Indeed most animal vocalizations seem to be under emotional rather than cognitive control. When researchers stimulate a subcortical part of the brain known as the periaqueductal gray, it causes meowing and growling in cats, shrieking and barking in rhesus monkeys, echolocating in bats, and laughing in chimpanzees and humans. Destruction of this area causes muteness. The area is indispensable for animal vocalization and nonverbal human vocalization. As we have seen, human speech, on the other hand, is primarily driven by cortical areas of the left hemisphere that allow for voluntary control and extreme flexibility. Animal vocalization may hence not be closely related to human speech.

Nonetheless, some animal communication systems are quite sophisticated. Bee dance, for instance, communicates the size of a food source, the distance, and the horizontal direction. However, close examinations of communication systems of animals have found them to be restricted to a few types of information exchanges, typically to do with reproduction, territory, food, and alarm. There appears to be little content transferred beyond these realms. There is as yet no sign that animal communication features the open-ended flexibility that typifies human language.

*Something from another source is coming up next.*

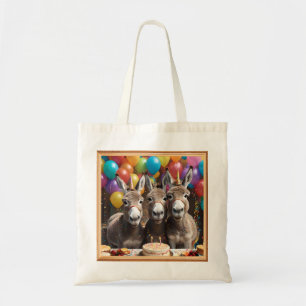 Donkey Triplets Celebrating Their Birthday, Tote Bag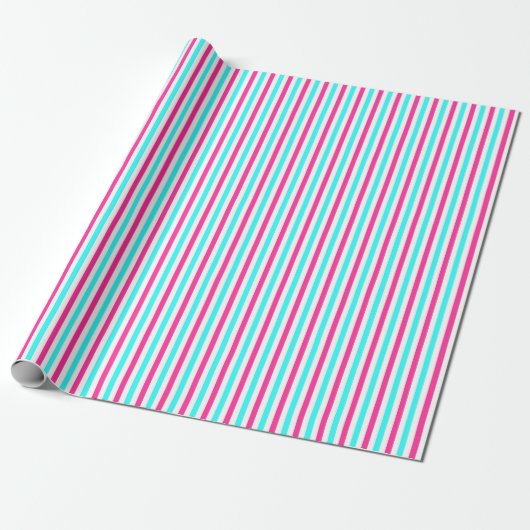 Cyan Blue Pink White Stripes Geschenkpapier (Ungerollt)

What about whales? you might ask. Humpback whales sing in the most curious manner, they have large brains, and there is even evidence that they learn the songs from each other. Are they talking about us behind our backs? Disappointingly, the answer is “probably not.” The possible information content of a humpback whale song is estimated to be low indeed—just enough to say, “Hello, baby. Check me out.” Researchers now think it likely the songs are serving a simple mate-attraction function.